Refactor `visitAllIdentifiers` to leverage `babel`'s built in scope tracking better
This might be my own naive misunderstanding of how visitAllIdentifiers works currently, but from a quick skim through it feels kind of convoluted in how it's using findScopes, hasVisited, markVisited, etc; when, if I remember correctly, babel's AST parser + @babel/traverse has built in support for scope tracking/renames/etc that I believe make most of this redundant?

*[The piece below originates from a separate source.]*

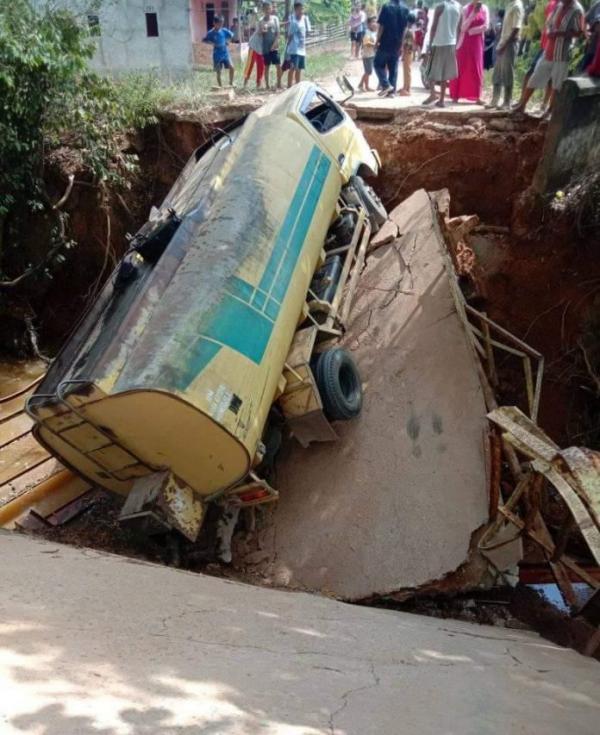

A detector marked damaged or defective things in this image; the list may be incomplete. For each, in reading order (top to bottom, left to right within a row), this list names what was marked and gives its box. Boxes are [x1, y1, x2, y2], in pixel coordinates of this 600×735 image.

broken bridge deck [233, 187, 488, 600]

- https://github.com/jehna/humanify/blob/main/src/plugins/local-llm-rename/visit-all-identifiers.ts
I haven't tested this specifically, but after a few rounds of iteration with GitHub Copilot, this is feeling pared down/closer to how I would have expected this feature to have been implemented, leveraging more of Babel's scope tracking/etc:
import { parseAsync, transformFromAstAsync, NodePath } from "@babel/core";
import * as babelTraverse from "@babel/traverse";
import { Identifier, toIdentifier } from "@babel/types";
const traverse: typeof babelTraverse.default.default = (
typeof babelTraverse.default === "function"
? babelTraverse.default
: babelTraverse.default.default
) as any; // eslint-disable-line @typescript-eslint/no-explicit-any -- This hack is because pkgroll fucks up the import somehow
type Visitor = (name: string, scope: string) => Promise<string>;
export async function visitAllIdentifiers(
code: string,
visitor: Visitor,
contextWindowSize: number
) {
const ast = await parseAsync(code, { sourceType: "unambiguous" });
if (!ast) {
throw new Error("Failed to parse code");
}
traverse(ast, {
Identifier: async (path) => {
const surroundingCode = await scopeToString(path, contextWindowSize);
const renamed = await visitor(path.node.name, surroundingCode);
if (renamed !== path.node.name) {
let safeRenamed = toIdentifier(renamed);
while (
path.scope.hasBinding(safeRenamed) ||
path.scope.getProgramParent().hasBinding(safeRenamed)
) {
safeRenamed = `_${safeRenamed}`;
}
path.scope.rename(path.node.name, safeRenamed);
}
}
});
const stringified = await transformFromAstAsync(ast);
if (stringified?.code == null) {
throw new Error("Failed to stringify code");
}
return stringified.code;
}
async function scopeToString(
path: NodePath<Identifier>,
contextWindowSize: number
) {
const surroundingPath = closestSurroundingContextPath(path);
const code = `${surroundingPath}`; // Implements a hidden `.toString()`
if (code.length < contextWindowSize) {
return code;
}
if (surroundingPath.isProgram()) {
const start = path.node.start ?? 0;
const end = path.node.end ?? code.length;
if (end < contextWindowSize / 2) {
return code.slice(0, contextWindowSize);
}
if (start > code.length - contextWindowSize / 2) {
return code.slice(-contextWindowSize);
}
return code.slice(
start - contextWindowSize / 2,
end + contextWindowSize / 2
);
} else {
return code.slice(0, contextWindowSize);
}
}
function closestSurroundingContextPath(
path: NodePath<Identifier>
): NodePath<Node> {
const programOrBindingNode = path.findParent(
(p) => p.isProgram() || path.node.name in p.getOuterBindingIdentifiers()
)?.scope.path;
return programOrBindingNode ?? path.scope.path;
}
That said, I could be missing/misunderstanding some nuance of how it's currently implemented that isn't handled properly in this new version, etc.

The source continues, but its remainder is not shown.